Consistency and efficiency of reports across the organization
One report theme for the entire company
From the perspective of large organizations, the ability to impose a single, common theme for reports is a huge improvement. Centrally managing the color scheme, headings and visualization style eliminates aesthetic chaos and strengthens the consistency of data communication.
Performance Analyzer available in the browser
Another step toward mature analytics is Performance Analyzer, available directly from Power BI. It allows you to analyze report performance without downloading files, identify memory-intensive elements, and preview the DAX queries behind visualizations.
Semantic models as the foundation of Power BI
Why the semantic model is crucial today
The semantic model is the “brain” of Power BI. It determines the quality of analysis, the consistency of metrics and the effectiveness of AI tools. Microsoft makes it clear that Copilot is only as good as the data and model it works on.
That’s why recent updates have focused on making data modeling accessible not only to developers, but also to advanced business users.
Data modeling directly in the browser
Today, creating semantic models in Power BI Service is a full-fledged alternative to working in desktop tools. Data import, transformations, relationships and basic modifications can be performed directly in the browser, with full transparency of steps.

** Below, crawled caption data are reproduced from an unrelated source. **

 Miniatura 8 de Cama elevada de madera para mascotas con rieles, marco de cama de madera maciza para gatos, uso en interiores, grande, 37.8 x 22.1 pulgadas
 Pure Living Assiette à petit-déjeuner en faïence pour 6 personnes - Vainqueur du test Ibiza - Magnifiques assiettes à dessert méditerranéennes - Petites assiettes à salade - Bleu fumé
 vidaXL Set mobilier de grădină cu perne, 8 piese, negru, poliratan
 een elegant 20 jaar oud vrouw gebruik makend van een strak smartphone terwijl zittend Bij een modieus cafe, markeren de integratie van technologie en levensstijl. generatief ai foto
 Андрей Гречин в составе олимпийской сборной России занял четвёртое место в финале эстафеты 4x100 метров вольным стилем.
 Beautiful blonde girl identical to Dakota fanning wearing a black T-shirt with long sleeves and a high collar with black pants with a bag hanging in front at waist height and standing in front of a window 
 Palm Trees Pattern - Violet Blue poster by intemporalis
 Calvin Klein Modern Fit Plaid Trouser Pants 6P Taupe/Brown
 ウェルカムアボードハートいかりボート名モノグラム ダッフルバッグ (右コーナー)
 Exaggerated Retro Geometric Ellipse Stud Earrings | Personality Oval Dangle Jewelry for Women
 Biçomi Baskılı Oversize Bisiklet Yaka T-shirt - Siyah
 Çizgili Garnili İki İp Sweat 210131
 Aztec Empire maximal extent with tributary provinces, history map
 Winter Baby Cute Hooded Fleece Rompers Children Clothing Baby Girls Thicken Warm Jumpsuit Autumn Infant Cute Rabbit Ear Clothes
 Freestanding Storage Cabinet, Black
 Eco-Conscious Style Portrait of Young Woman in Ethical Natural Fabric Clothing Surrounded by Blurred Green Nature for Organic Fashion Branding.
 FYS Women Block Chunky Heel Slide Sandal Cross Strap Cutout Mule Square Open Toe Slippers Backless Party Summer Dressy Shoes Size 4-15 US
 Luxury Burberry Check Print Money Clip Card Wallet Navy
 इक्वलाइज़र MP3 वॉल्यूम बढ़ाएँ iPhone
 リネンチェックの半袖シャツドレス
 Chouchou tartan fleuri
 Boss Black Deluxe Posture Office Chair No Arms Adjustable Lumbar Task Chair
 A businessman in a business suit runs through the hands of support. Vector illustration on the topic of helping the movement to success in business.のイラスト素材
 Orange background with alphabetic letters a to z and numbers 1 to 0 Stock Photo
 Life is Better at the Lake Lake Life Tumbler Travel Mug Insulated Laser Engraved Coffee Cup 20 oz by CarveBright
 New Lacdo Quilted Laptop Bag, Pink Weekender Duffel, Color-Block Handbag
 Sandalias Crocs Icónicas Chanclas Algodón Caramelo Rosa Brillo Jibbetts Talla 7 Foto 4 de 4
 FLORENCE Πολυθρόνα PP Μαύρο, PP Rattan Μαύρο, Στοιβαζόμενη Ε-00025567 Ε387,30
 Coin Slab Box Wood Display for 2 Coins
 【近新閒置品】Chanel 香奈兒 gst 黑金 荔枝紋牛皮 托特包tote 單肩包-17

Direct Lake and working on data without importing
OneLake as a source of real-time data
Direct Lake mode allows you to work on data without importing it into Power BI memory. Data is downloaded directly from OneLake, significantly simplifying the architecture and reducing update time.
This approach is changing the way we think about data models, especially in environments where scalability and working on large volumes of information matters.
Best Practice Analyzer and Memory Analyzer
New analytical tools automatically verify the quality of a data model. Best Practice Analyzer checks nomenclature, unused columns, measures and relationships, among other things, and Memory Analyzer shows exactly which model elements consume the most resources.
This is real support in optimizing semantic models, without having to reach for external tools.
Power BI Desktop in a new role
TMDL and teamwork on the data model
The introduction of TMDL (Tabular Model Definition Language) makes it possible to work with a data model in textual form. This opens the way for version control, teamwork and reuse of parts of the model in different projects.
Changes to the model can be analyzed before they are implemented, which significantly increases the security of work in large analysis teams.
Copilot for DAX and new features
Microsoft Copilot can today generate DAX measures based on natural language, translate existing code and suggest optimizations. In addition, there are DAX functions and new Time Intelligence mechanisms to support working with fiscal and custom calendars.
This is a huge change for organizations that want to standardize analytics and lower the threshold for entry into the DAX.
Preparing Power BI for AI
How to “feed” Copilot with good data
Power BI today offers dedicated tools for model preparation under AI. The user can indicate which tables are to be analyzed, add verified answers and supplement the model with additional business context written in natural language.
As a result, Copilot generates answers that are more pertinent, consistent and in line with the organization’s logic.
Power BI ready for the AI era
Power BI is no longer the final stage of analytics, and is becoming an interface for working with data, models and artificial intelligence. Integration with Microsoft Fabric, the development of semantic models and AI support clearly show that the future of analytics is accessibility, automation and real business value.